Question

Find the activity in curie of 1 mg of radon-222 whose half life is 3.825 days.

Answer 1

Activity of the radioactivity material is defined as number of disintegrations per second, or the number of unstable atomic nuclei that decay per second in a given sample.So simply by finding decay constant, we can find activity of material.

Complete step by step answer:
Half life: it is the interval of time required for decaying of one-half of the atomic nuclei of a radioactive sample.
Activity: Activity of the radioactivity material is defined as number of disintegrations per second, or the number of unstable atomic nuclei that decay per second in a given sample
Given: ${T^{\dfrac{1}{2}}} = 3.825$ days
Quantity of substance=1mg= ${10^{ - 3}}$g
Where ${T^{\dfrac{1}{2}}}$ is the half life
Now as we know,
The relation between half life and decay constant is
${T^{\dfrac{1}{2}}} = \dfrac{{\ln 2}}{\lambda }$..........(where $\lambda$ is decay constant)

Putting the values of ${T^{\dfrac{1}{2}}}$ in seconds, we get
$3.825 \times 24 \times 60 \times 60 = \dfrac{{0.693}}{\lambda }$
As $\ln 2 = 0.693$
So finding the value of $\lambda$ (decay constant) from this equation we get
$\lambda = 2.096 \times {10^{ - 6}}$ ${s^{ - 1}}$
Now converting quantity of substance into number of atoms
$\text{Number of atoms (N)}= \dfrac{{{{10}^{ - 3}}}}{{222}} \times 6.022 \times {10^{23}} \\\ \Rightarrow\text{Number of atoms (N)}= 2.71 \times {10^{18}}$
$N$ is the number of atoms present.

Remember radon has molecular mass 222 as already given.Now as we know activity of substance is given by
$A= - \dfrac{{dN}}{{dt}} \\\ \Rightarrow A = \lambda N$
Where $A$ is a symbol representing activity.
So on putting values of $\lambda$ and $N$
We get
$A = 2.096 \times {10^{ - 6}} \times 2.71 \times {10^{18}} \\\ \Rightarrow A = 5.68 \times {10^{12}}Bq$
As we were required to give answer in curie(Ci) so
Remember 1curie $= 3.7 \times {10^{10}}Bq$
$A = \dfrac{{5.68 \times {{10}^{12}}}}{{3.7 \times {{10}^{10}}}} \\\ \therefore A= 153.5\,Ci$

Hence, activity is $153.5\,Ci$.

Note: Half-life is the time for half the radioactive nuclei in any sample to undergo radioactive decay.

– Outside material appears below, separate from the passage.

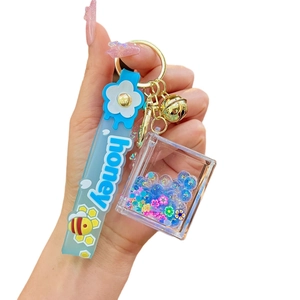 Cute sky blue honey bee keychain with acrylic quicksand charm and wrist strap set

For example, after 2 half-lives, there will be one fourth the original material remains, after three half-lives one eight the original material remains, and so on. Half-life is a convenient way to assess the rapidity of a decay. While solving such problems we have to keep in mind that while using the formula $N={{N}_{0}}{{e}^{-\lambda t}}$, we have to take undecayed nuclei at that time.